_Data segment_.
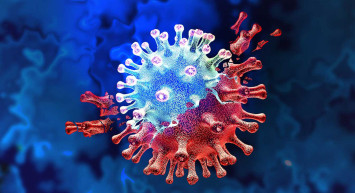 Dünya Sağlık Örgütü: Omicron Son Varyant Değil!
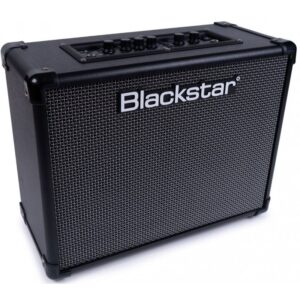 blackstar-id-core-40-v3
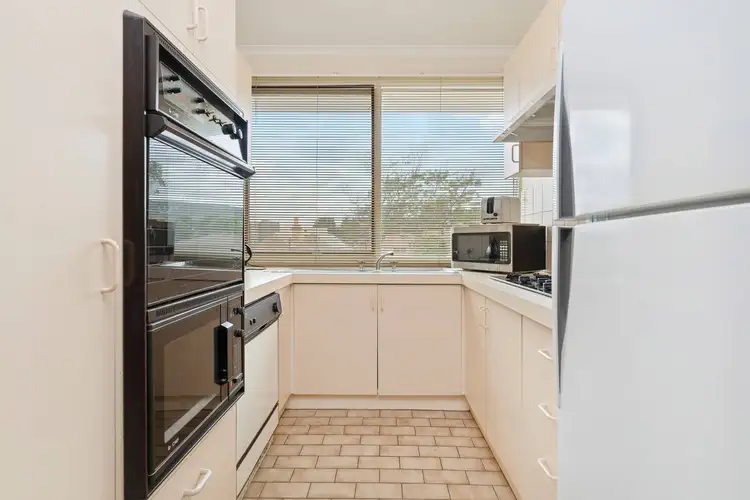 Third view of Homely unit listing, 3/904 Point Nepean Road, Rosebud VIC 3939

_Task objective_.
Text only, please: give the listing again word for word with no images.

_Completed exercise_.
 Dünya Sağlık Örgütü: Omicron Son Varyant Değil!
 blackstar-id-core-40-v3
 Third view of Homely unit listing, 3/904 Point Nepean Road, Rosebud VIC 3939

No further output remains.